ECM: What is the relationship between evangelicalism and masculinity, and what prompted you to write about it?

KKD: Evangelicalism isn’t just about theological doctrines, and “family values” evangelicalism isn’t just a set of political commitments. Evangelicalism is a way of life. For over half a century, evangelicals have been “focusing on the family,” and distinct gender roles have been at the heart of this. Evangelicals have bought and read millions of books about how to raise boys and girls, how to be a man, and how to be a woman. To understand American evangelicalism, we have to take gender seriously, to understand how gender connects to theology and politics, and how it is at the heart of the evangelical worldview. To be clear, there isn’t just one evangelical masculinity, and individual women and men respond to prescriptive advice in all sorts of ways. But in Jesus and John Wayne, I trace the history of a particularly militant strand of evangelical masculinity that has been a defining feature of conservative white evangelicalism.

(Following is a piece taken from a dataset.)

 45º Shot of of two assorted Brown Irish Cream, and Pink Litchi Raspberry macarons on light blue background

It was my students who first brought this to my attention, back in about 2006. I was doing a unit on Teddy Roosevelt, focusing on the relationship between gender and foreign policy and things like that. Some of my students brought in this book, Wild at Heart by John Eldredge, and told me that I had to read it because of the way it fashioned a manly Christianity. So I looked into it and found that it was practically ubiquitous. At that time it was hard to find a church anywhere that wasn’t holding a Wild at Heart study for men and a Captivating study for women. My home church was doing them. I started paying attention to this popular literature, coming to it through the lens of gender analysis, and reading it against history. This was all happening at the same time as the Iraq War, so as I was having these conversations with my students, I was also paying attention to the surveys showing that white evangelical Christians supported the war at much higher rates than other Americans, supported torture at much higher rates, and I started drawing some connections.

ECM: This book grew out of a piece that you wrote for Religion & Politics, correct?

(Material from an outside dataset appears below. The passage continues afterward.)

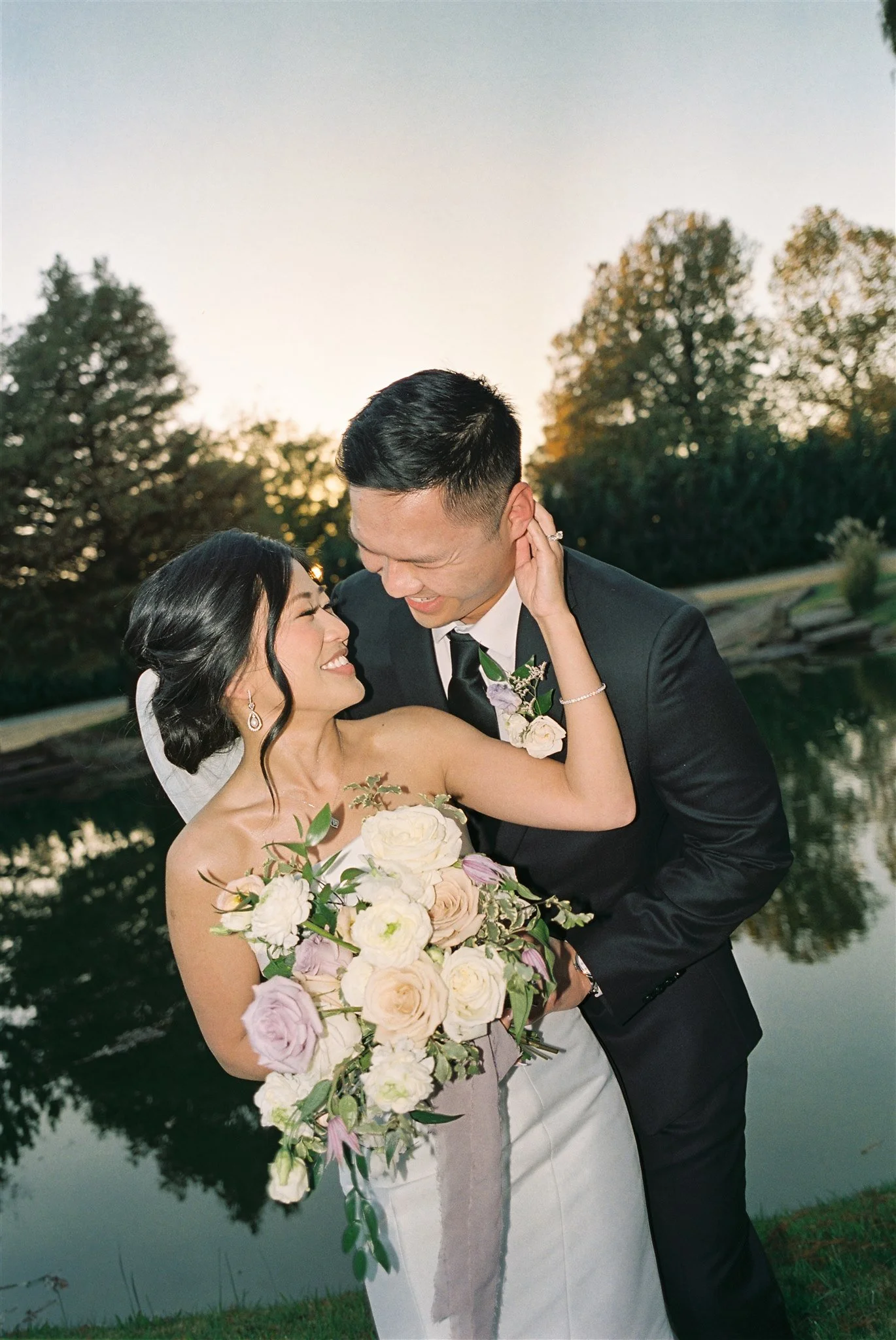 A newlywed couple smiling and embracing near a pond during sunset, with trees in the background.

 KKD: Yes! Since about 2010, I had been giving talks on evangelicalism and masculinity and had been approached by publishers, but there were two things at that point that made me a little hesitant to dive into a book project. For one, the things that I was uncovering were very depressing. I wasn’t sure that I wanted to live with that for the years that I knew it would take to write a book. For another, I wasn’t sure at first how mainstream it all was. As a Christian myself, I wanted to be careful about shining a bright light on this dark underbelly of American Christianity if it was merely a fringe phenomenon. Around this time I finished my first book, began another on the religious history of Hillary Clinton, and committed myself to that project through 2016. However, just before the election, things clicked for me. The Access Hollywood tape came out, white evangelical elites continued to defend Trump, his support among white evangelical voters remained strong, and I thought, “Ugh, I think I know what’s going to happen and I think I know why.” That’s when I pulled some of that old research and wrote “Donald Trump and Militant Evangelical Masculinity.”

ECM: You distinguish evangelical theology from evangelical culture, and place this idealized hyper-manliness squarely in the cultural camp. Can you explain that distinction?

KKD: Well, there is an important difference between the pure theology that is investigated by scholars and the popular version that trickles down to the average person in the pew. My students, many of whom are nondenominational or evangelical, often seem to know very little formal theology and have a hard time articulating theological concepts in detail, but they have been immersed in evangelical popular culture. They’ve grown up in families in which James Dobson’s radio show was on all the time, they’ve read popular books on masculinity, on femininity, on dating, and these cultural influences have been at the center of their religious practice. So rather than focusing only on the finer points of doctrine, I want to look at the faith that evangelicals really inhabit.

Recently, I was teaching a class in which I had students read the first three chapters of Genesis. Afterward, in the course of our discussion, one of my students raised her hand and said that she just realized she had never read these chapters before. She thought she had, but now it occurred to her that her knowledge of their content had been drawn primarily from the Veggie Tales videos. One by one, other students raised their hands and said, “Me too.” So that’s one of my operative questions: What has really formed the faith of most evangelicals? Is it the Scriptures? Is it formal theology? Or is it something else?

Theology does play a role here, but theology is shaped by culture as much as it gives shape to culture. In my research, I came across fascinating instances where commitments to certain gender roles ended up altering traditional theological beliefs. So it’s the interplay between theology and culture that’s key.

Read the whole thing at Religion & Politics.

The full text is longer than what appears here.